Every year you probably say that you’re paying too much in taxes. You’re probably correct. Some of this may be because of your tax bracket, your business structure or some other factor, but it may also be because of the mistakes you’re making. Here are three, big, stupid mistakes I see small business owners make all the time with their taxes.

Mistake #1: You have the wrong accountant.

A lousy accountant is one that appears to be working for the IRS – always saying no, always shaking his head, always sighing and muttering “you can’t do that.” A good accountant is working for you by making suggestions, offering options and working the law to your advantage. You want an accountant that’s smart and motivated to help you save your taxes. He should be calling you during the year and not just sitting down with you for one meeting when it’s tax time.

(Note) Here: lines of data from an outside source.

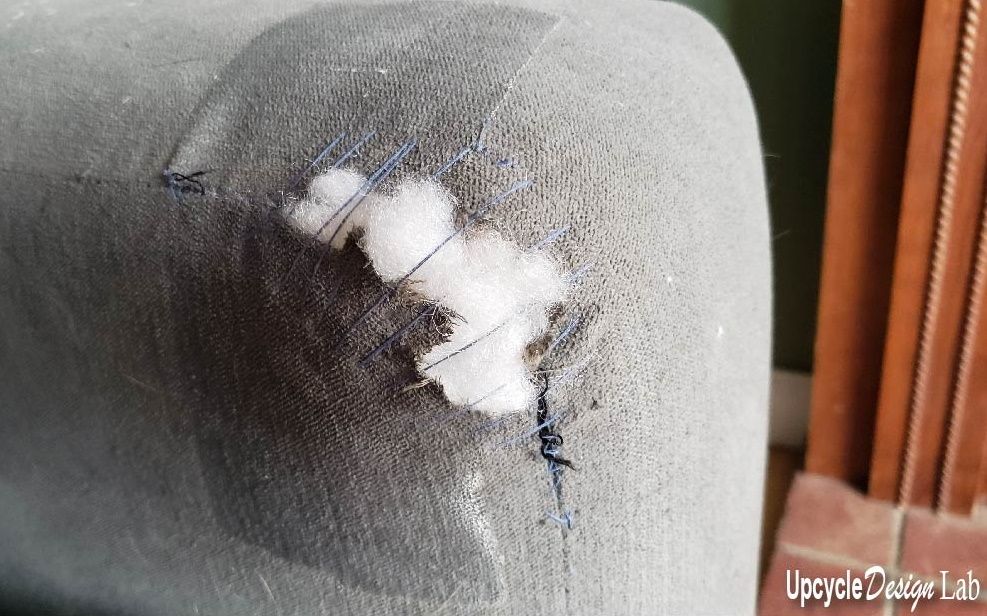 chewed up couch
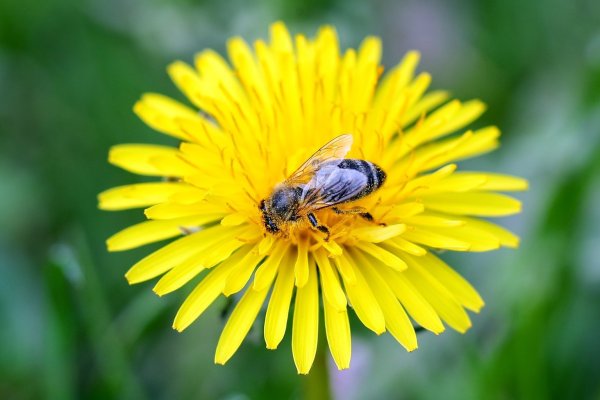 Wildbiene - © Foto: Jan Woitas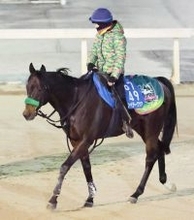 ２４年武蔵野Ｓを制したエンペラーワケアが骨折　休養期間は未定
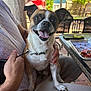 Benji joined the competition — help win amazing prizes! dog, pet, happy, smiling, tongue_out, person, lap, outdoor, patio, table, food, chair, sunlight, leash, collar, hand, fur, small_dog, companionship, relaxation
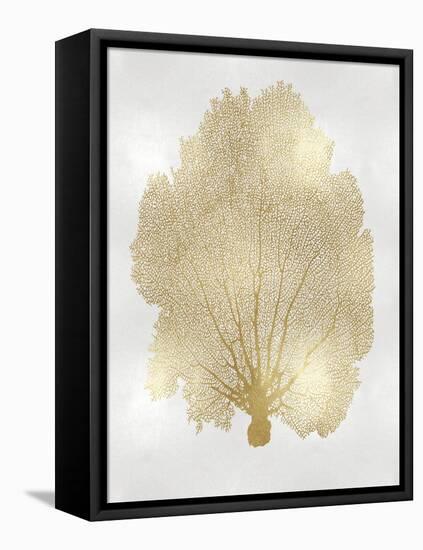 Sea Fan Gold II-Melonie Miller-Framed Stretched Canvas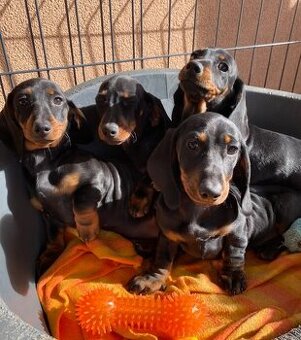 Jazvečík trpasličí s PP (chalani)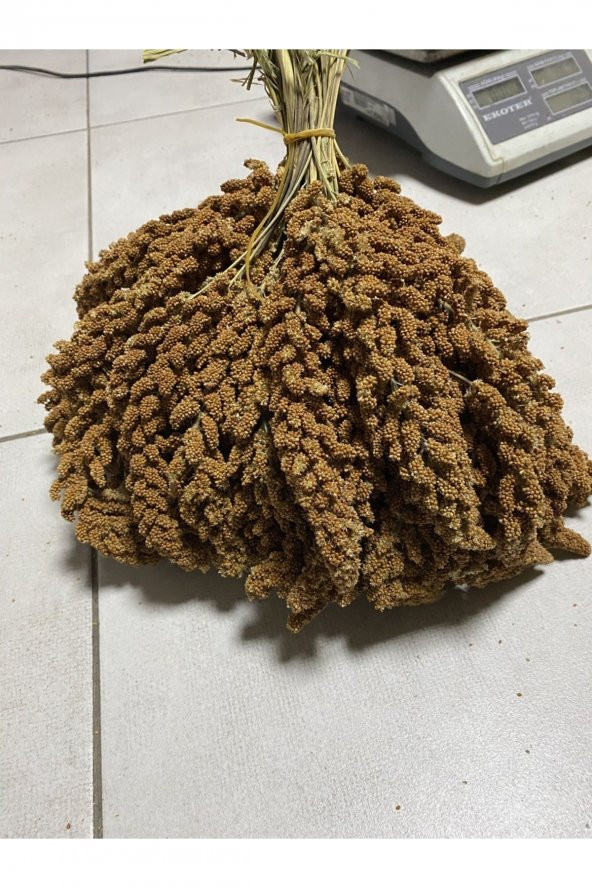 Doğal Dal Darı (ÖZEL HAZIRLANMISTIR) 1 Kg ürün görseli 1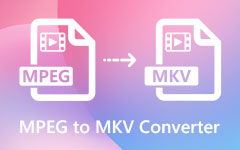 MPEG til MKV konverter
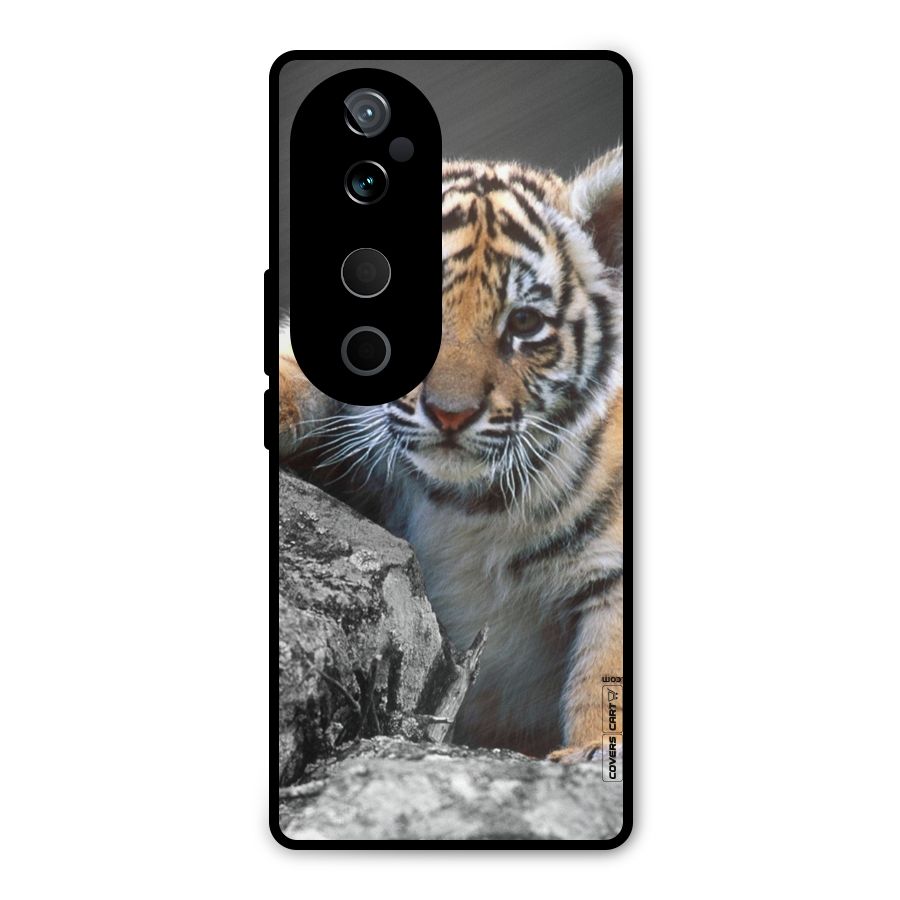 Animal Beauty Metal Back Case for Vivo T3 Ultra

He should be proactively thinking of ways to help you reduce what is the biggest expense in your business. If that’s not a description of your accountant then it may be time to find a new one.

Mistake #2: You don’t plan.

A smart accountant is a valuable advisor. So meet with her at least two to three times a year and not just a week before the end of the year. Things change all the time and you’ll need to keep your accountant up to date on everything that’s going on in your business and your personal life. A good accountant will be looking at your quarterly data and making adjustments to your estimated taxes, offering suggestions to reduce your current year’s tax liability and even warning you of potential liabilities that you may not see coming. She’ll be current on the latest regulations and be thinking of ways to help you keep your tax payments to a minimum. You, on the other hand, should be giving her plenty of time to think about this because you’re meeting with her well before her busy season begins.

Mistake #3: You don’t pay attention.

When it comes to boring stuff, reading about taxes is up there with C-SPAN documentaries. But think about this, you scour the web to save 5% on a new laptop.

Why not spend some time trying save on your own income?

The smartest clients I know pay attention to their taxes. They read and even attend a seminar or two once every other year. They do this so when they meet with their accountant they have questions to ask and aren’t operating in the dark. They understand that every dollar saved is another dollar that can be put toward a family vacation, a home project or a case of premium craft brew.

It’s OK to be stupid when watching Jeopardy or making your little nephew laugh. But don’t be stupid about your taxes. Get a great overview on the best ways to save money on your taxes with this article from Small Biz Ahead.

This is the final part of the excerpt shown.